Metropolitan News-Enterprise

 

Friday, April 16, 2004

 

Page 1

 

‘Heroic’ Prisoner Held Eligible for Sentence Break

 

By a MetNews Staff Writer

 

A state prisoner who has earned the maximum amount of credit for good behavior under the Three-Strikes Law is eligible for a further reduction for “perform[ing] a heroic act in a life-threatening situation,” the state Supreme Court ruled yesterday.

Justice Ming Chin, writing for a unanimous court, said a divided panel in this district’s Div. Six erred in concluding that legislation would be required to permit any further reduction for a prisoner who has earned the 20 percent maximum “worktime” credits allowed by the Three-Strikes Law.

The high court overturned the denial of former inmate Ronald Young’s habeas corpus petition under Penal Code Sec. 2935. The section allows the Department of Corrections to reduce the sentence of an inmate by up to 12 months in unusual situations.

Young, who was subject to the 20 percent limitation because he was serving a second-strike sentence for burglary, asked for the reduction in 2001 after he performed the Heimlich maneuver and dislodged food from the airway of a prison employee.

The department concluded that it could not grant the request if the effect, after combining the reduction with worktime credits, would be to reduce the total sentence by more than 20 percent. The Div.

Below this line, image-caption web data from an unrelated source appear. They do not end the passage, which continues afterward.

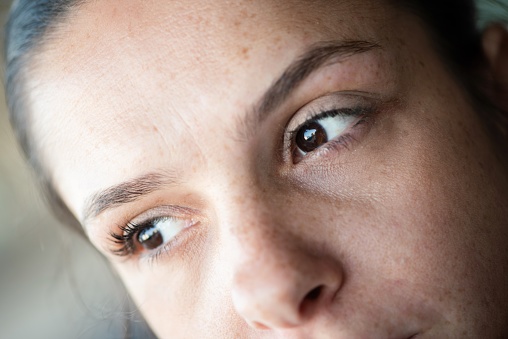 Extreme closeup of a freckled woman looking away.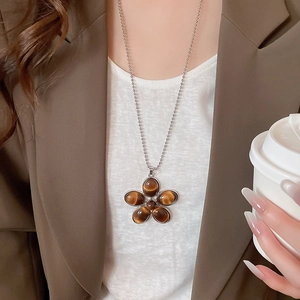 Close-up of a resin floral pendant necklace with tiger eye stones worn with a blazer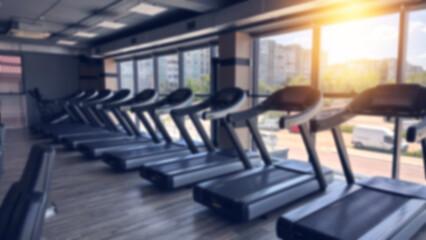 Blurred fitness gym equipment for sport banner background.Fitness center blur background.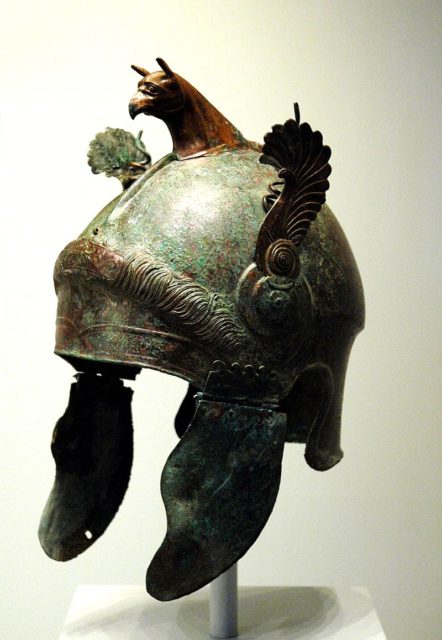 Attic helmet with small bronze decorative wings, Southern Italy 4th Century BC. Author: davide ferro CC BY 2.0.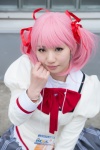 blouse bowtie cosplay hair_ribbons kaname_madoka kawabe_yuki pink_eyes pink_hair pleated_skirt puella_magi_madoka_magica skirt twintails rating:Safe score:0 user:pixymisa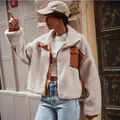 Close-up side view of women's cream fleece jacket featuring brown leather patchwork details - 2XL / Tops / Apricot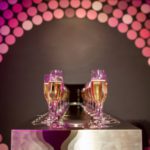 Mirrored bar with pink glassware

Six majority agreed, “regretfully” holding that “[i]t would elevate form over substance to conclude that a reduction differs from a credit.”

But Chin said the distinction is a valid one.

He explained:

“The difference between a sentence reduction and a credit is not merely semantic in this context.  There is a qualitative difference between a sentence reduction based on a heroic act...and postsentence conduct credits....[Penal Code] Sections 2931 and 2933 [governing “good time” and worktime credits] serve to encourage a prisoner’s conformity to prison regulations and his participation in rehabilitative activities to facilitate reintegration into society....By working and not engaging in misconduct in prison, i.e., activities that generally affect only the prisoner himself, a prisoner may earn credits toward reducing his determinate sentence....Section 2935, however, is substantially different because it rewards a prisoner’s selfless act of heroism, which may save the life of another.  In this case, petitioner saved the life of his work supervisor when another prisoner refused to help.  As petitioner emphasizes, his heroic act in prison was particularly significant because other prisoners may have become hostile toward him for helping ‘the enemy,’ and prison guards could have misconstrued petitioner’s actions as attacking rather than saving the supervisor. “

Young has already been released on parole. But he may be eligible for a reduction in the length of parole based on the high court’s ruling, Chin noted.

The case was argued by David H. Goodwin of Los Angeles for Young and Deputy Attorney General Heather Bushman for the state.

The case is In re Young, 04 S.O.S. 1928.